_YOUR TASK:_ Shown below are entries with pictures; the line with "El Gobierno de" through the line with "Acne Studios mini" is the span to retype exactly, and the pictures stay out.

_SUPPLIED MATERIAL:_

┄┄┄┄┄┄┄┄┄┄

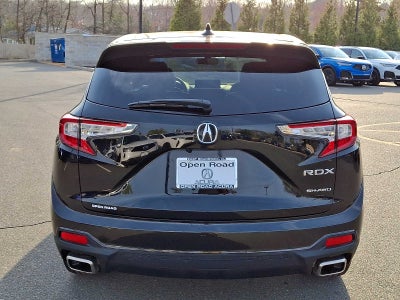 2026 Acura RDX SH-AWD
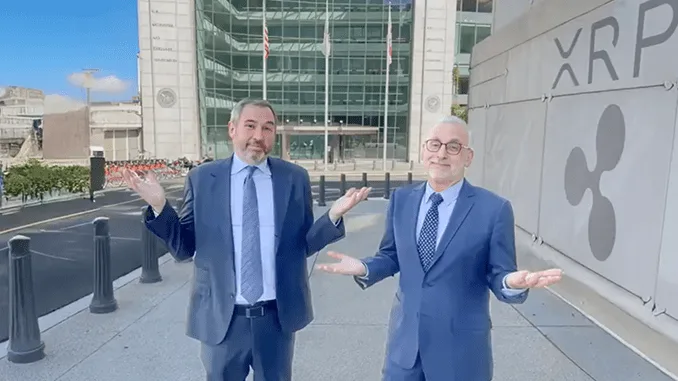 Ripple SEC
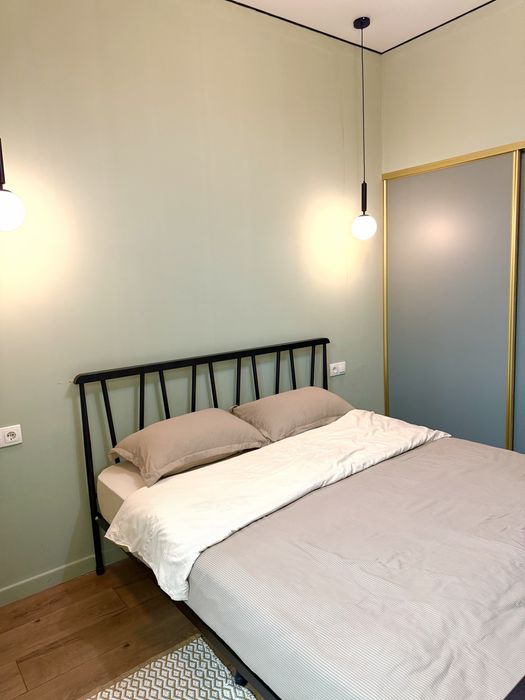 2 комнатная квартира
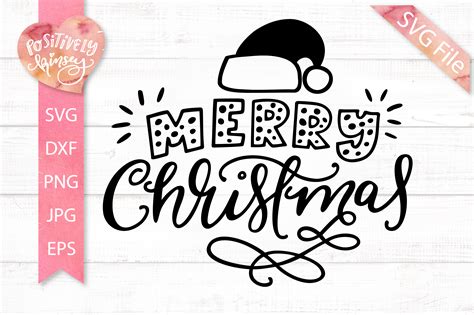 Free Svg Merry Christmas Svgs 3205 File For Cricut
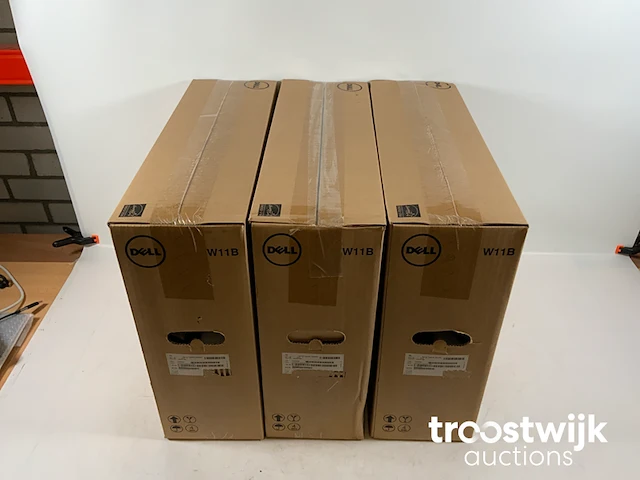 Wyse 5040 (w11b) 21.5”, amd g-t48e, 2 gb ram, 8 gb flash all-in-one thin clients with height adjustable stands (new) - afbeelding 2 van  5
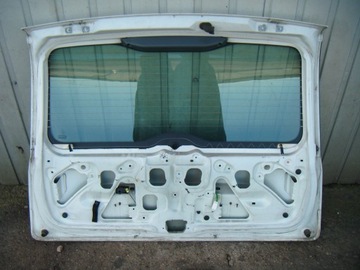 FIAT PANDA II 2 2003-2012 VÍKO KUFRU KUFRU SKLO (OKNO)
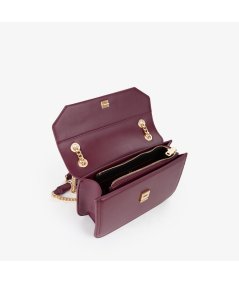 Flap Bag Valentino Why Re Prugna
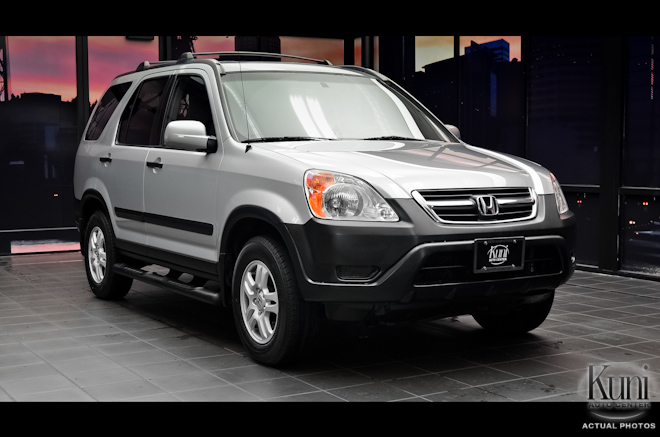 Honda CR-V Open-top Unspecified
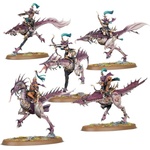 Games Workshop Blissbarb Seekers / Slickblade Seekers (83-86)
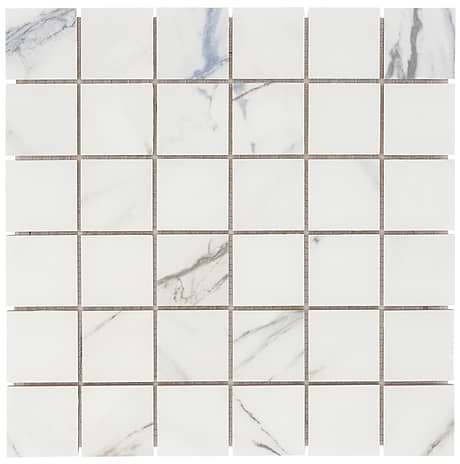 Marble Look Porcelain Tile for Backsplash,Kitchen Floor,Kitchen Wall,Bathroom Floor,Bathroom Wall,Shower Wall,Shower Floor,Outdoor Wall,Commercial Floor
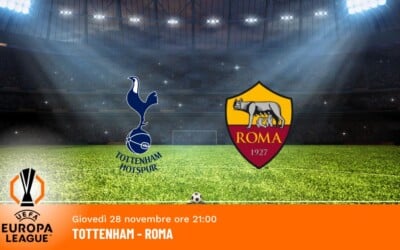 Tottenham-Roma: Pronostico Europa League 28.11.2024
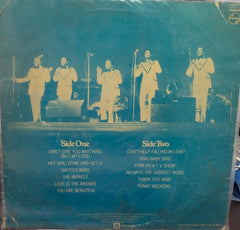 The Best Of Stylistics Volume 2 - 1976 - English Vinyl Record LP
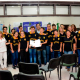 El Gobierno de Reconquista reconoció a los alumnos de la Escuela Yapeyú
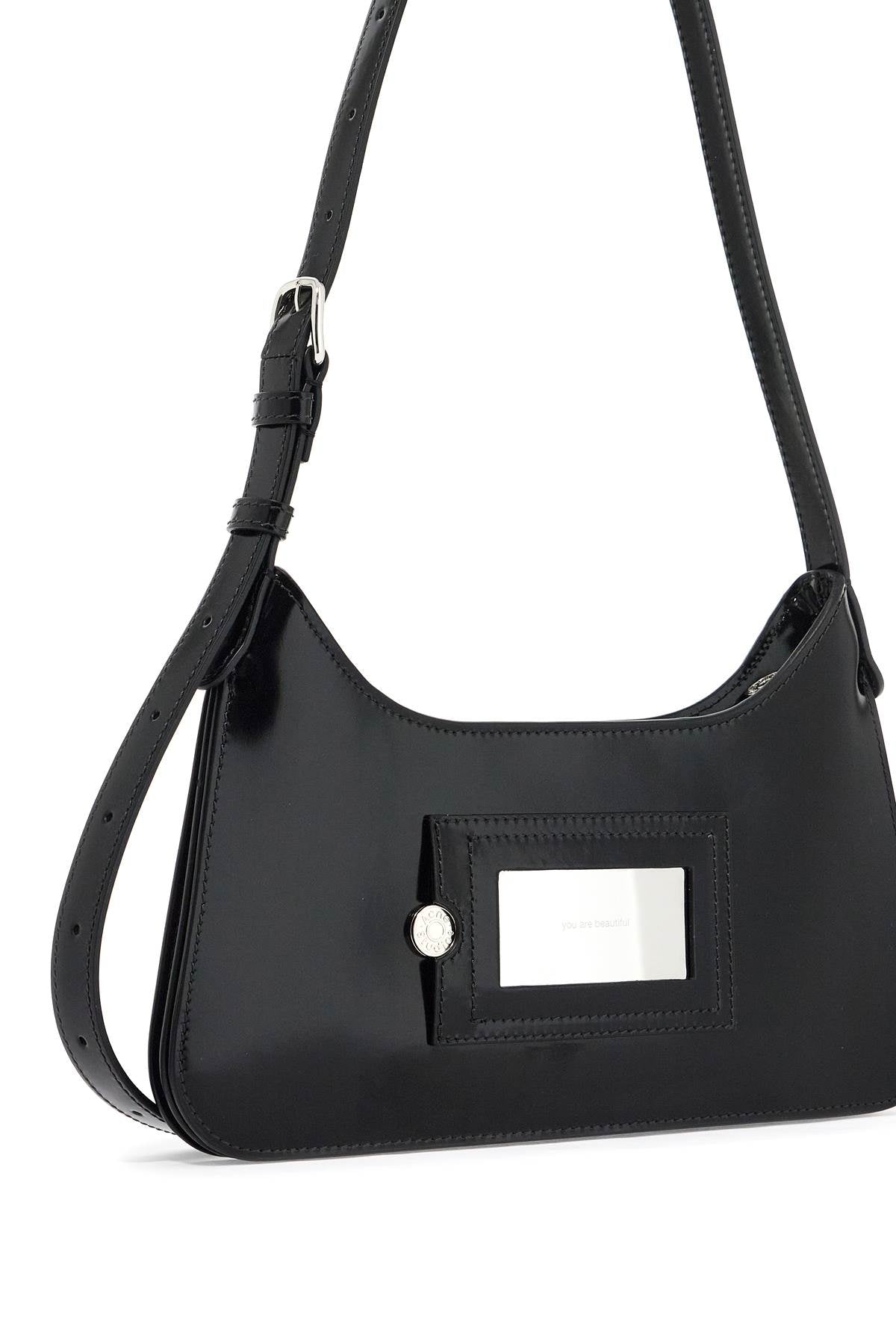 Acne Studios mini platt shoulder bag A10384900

┄┄┄┄┄┄┄┄┄┄

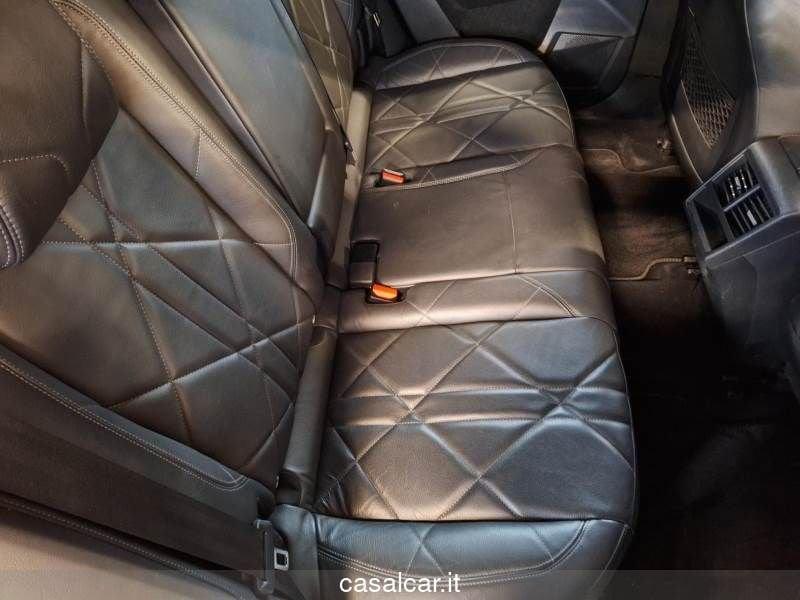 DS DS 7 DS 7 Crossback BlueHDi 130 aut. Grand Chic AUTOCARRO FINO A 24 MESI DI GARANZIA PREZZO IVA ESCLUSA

┄┄┄┄┄┄┄┄┄┄

_SOLUTION FOR THIS TASK:_
 El Gobierno de Reconquista reconoció a los alumnos de la Escuela Yapeyú
 Acne Studios mini platt shoulder bag A10384900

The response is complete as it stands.